Introduction
This week for Workout Wednesday we will be trying our hand at non-linear regression with the Deneb custom visual.
With Vega and Vega-Lite we can create a non-linear line of best fit over our data points and utilise the statistical API to return a correlation coefficient.
Requirements
Power Query
- Obtain the dataset from the Data Stories Gallery
- Model and load data
Power BI Desktop
LINEAR REGRESSION
- Import Deneb Custom Visual found in AppSource
- Place fields in Field Well
- From the ellipsis of the custom visual header, select edit visual
- Visit Regression | Vega-Lite for guidance
- Create a new Vega-Lite Specification
- Create a scatter chart of mark type = point with ‘power’ and ‘shot put distance’ encoded on the x and y axes respectively
- Layer a line with a linear regression transform
- Layer a text mark with the correlation coefficient
NON-LINEAR REGRESSION
- Repeat the Linear Regression
- Change the regression method to quadratic for the line: “transform”: [ {
“regression”: “Power”,
“on”: “Shot putt distance”,
“method” : “quad”
}
], - Change the regression method to quadratic for the text: “transform”: [{
“regression”: “Power”,
“on”: “Shot putt distance”,
“params”: true,
“method” : “quad”
},
{“calculate”: “‘R²: ‘+format(datum.rSquared, ‘.2f’)”, “as”: “R2”}
],
ADDITIONAL NON-LINEAR REGRESSION
- Repeat the Linear Regression
- Try adjusting the extent of the lines
- Try out other regression types such as polynominal with orders 2, 3 and 4
- Polynomial Regression: The Only Introduction You’ll Need | by Aden Haussmann | Towards Data Science
ADVANCED
1. Try recreating these regression graphs with Vega
Dataset
The dataset this week can be viewed here
Share
After you finish your workout, share on Twitter using the hashtags #WOW2023 and #PowerBI, and tag @MMarie, @shan_gsd, @KerryKolosko.
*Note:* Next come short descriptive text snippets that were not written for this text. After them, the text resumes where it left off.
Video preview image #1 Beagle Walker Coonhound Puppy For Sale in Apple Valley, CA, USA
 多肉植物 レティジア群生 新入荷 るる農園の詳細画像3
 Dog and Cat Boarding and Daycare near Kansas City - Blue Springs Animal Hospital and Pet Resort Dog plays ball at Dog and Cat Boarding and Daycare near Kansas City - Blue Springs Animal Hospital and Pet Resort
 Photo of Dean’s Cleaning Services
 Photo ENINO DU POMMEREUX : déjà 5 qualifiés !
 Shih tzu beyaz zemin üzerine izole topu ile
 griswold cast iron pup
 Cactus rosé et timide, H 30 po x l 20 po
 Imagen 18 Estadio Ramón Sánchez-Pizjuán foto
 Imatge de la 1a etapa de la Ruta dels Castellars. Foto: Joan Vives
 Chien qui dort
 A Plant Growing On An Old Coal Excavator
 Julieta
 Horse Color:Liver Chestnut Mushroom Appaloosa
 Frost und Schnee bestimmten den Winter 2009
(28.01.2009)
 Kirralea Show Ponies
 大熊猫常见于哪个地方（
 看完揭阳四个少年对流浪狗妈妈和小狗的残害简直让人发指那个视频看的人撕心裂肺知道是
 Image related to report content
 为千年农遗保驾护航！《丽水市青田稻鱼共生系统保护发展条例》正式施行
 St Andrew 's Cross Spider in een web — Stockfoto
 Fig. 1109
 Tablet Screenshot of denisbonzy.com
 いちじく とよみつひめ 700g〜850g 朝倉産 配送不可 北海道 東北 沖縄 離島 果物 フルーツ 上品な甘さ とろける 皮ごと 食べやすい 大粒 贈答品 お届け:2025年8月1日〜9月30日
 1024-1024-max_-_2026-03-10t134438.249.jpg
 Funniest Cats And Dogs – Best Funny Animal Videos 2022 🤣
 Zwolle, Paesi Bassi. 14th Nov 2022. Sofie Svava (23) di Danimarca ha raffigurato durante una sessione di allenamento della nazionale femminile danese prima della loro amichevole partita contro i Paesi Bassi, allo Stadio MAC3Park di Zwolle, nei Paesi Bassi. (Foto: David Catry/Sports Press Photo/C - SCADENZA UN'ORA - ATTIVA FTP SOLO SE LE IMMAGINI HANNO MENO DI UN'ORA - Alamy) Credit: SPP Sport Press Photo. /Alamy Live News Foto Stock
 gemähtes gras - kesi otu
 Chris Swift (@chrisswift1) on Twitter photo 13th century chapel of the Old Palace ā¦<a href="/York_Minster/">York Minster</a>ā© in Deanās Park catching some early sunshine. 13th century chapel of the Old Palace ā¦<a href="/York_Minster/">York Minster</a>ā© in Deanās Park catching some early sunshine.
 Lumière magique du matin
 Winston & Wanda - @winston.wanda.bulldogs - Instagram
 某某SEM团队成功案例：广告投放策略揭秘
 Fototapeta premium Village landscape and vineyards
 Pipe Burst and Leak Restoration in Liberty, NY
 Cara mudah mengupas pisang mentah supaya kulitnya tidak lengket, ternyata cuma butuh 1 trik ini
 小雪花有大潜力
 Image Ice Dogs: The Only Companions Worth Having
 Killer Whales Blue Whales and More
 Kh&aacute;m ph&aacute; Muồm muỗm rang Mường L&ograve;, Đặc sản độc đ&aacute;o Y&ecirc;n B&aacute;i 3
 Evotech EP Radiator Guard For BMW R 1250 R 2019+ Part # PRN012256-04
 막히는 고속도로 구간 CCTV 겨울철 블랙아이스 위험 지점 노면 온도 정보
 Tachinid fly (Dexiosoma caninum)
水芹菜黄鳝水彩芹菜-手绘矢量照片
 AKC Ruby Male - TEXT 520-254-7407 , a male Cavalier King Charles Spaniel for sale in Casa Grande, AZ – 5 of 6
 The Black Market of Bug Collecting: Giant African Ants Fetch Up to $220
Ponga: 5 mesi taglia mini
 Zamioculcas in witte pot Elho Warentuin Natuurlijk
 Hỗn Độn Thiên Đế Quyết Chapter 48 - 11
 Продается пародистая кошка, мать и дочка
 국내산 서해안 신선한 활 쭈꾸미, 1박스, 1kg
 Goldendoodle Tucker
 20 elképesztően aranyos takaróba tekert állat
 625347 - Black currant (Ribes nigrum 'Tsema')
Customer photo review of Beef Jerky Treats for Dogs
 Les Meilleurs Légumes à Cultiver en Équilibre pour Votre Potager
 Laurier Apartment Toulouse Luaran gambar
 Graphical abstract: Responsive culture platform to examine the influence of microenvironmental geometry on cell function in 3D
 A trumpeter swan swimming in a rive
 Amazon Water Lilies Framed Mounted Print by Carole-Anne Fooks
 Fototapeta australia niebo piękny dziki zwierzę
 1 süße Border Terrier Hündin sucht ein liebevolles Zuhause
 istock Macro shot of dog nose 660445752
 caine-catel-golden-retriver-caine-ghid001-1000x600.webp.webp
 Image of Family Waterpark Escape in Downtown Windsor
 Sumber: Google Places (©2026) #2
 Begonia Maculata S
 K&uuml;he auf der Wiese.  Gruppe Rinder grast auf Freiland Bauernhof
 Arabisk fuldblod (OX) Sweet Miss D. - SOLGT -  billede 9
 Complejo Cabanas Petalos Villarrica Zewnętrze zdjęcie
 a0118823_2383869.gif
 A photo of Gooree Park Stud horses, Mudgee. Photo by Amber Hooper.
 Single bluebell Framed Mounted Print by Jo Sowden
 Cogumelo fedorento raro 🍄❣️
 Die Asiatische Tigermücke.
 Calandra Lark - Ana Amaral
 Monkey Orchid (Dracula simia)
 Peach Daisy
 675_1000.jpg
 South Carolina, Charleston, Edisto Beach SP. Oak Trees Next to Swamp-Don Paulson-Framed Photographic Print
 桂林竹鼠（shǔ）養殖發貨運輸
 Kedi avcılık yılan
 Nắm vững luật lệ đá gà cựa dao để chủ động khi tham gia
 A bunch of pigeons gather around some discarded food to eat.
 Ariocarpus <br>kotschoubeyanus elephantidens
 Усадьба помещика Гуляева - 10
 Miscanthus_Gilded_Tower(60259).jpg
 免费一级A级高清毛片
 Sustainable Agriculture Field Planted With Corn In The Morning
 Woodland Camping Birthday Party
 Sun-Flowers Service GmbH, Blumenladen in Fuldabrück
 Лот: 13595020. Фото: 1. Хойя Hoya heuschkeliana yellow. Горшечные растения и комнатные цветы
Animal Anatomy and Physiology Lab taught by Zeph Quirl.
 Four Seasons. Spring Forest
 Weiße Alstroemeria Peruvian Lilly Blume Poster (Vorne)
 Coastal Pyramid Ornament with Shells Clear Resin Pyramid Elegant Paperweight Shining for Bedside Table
Also make sure to fill out the Submission Tracker so that we can count you as a participant this week in order to track our participation throughout the year.
Solution
Solution File available for download via Data Stories Gallery
Hi,
I think the regression should be the other way around? as power is the cause (independent variable) and shot the dependent variable?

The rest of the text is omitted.